- Dataset content:
########
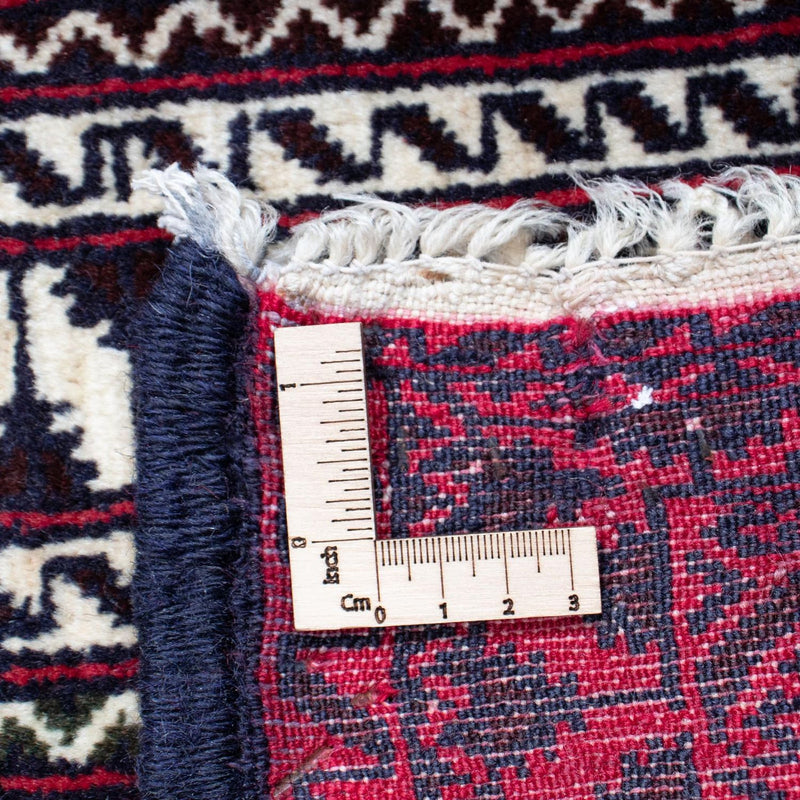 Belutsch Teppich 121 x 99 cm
########
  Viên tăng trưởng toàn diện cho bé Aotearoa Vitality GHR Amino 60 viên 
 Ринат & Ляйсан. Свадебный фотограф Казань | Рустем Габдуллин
########
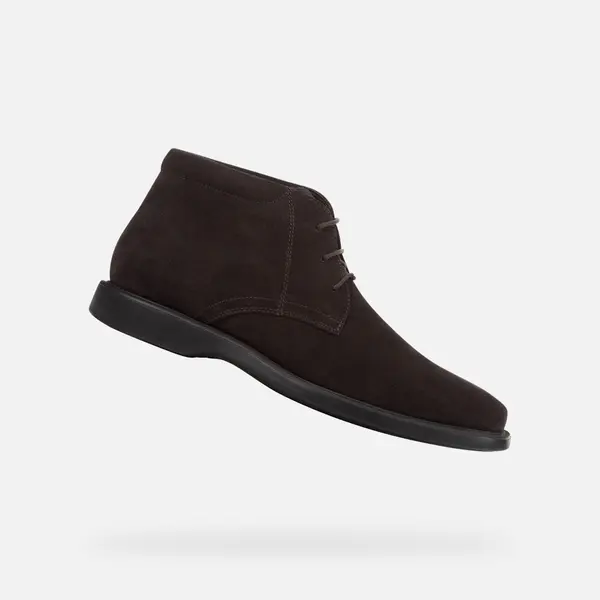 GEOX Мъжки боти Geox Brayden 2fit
########
- Task brief: Each line in the entries above, starting at the line with "Viên tăng trưởng" and ending at the line with "Ринат & Ляйсан.", is to be printed exactly, and only those lines.

- Task response:
  Viên tăng trưởng toàn diện cho bé Aotearoa Vitality GHR Amino 60 viên 
 Ринат & Ляйсан. Свадебный фотограф Казань | Рустем Габдуллин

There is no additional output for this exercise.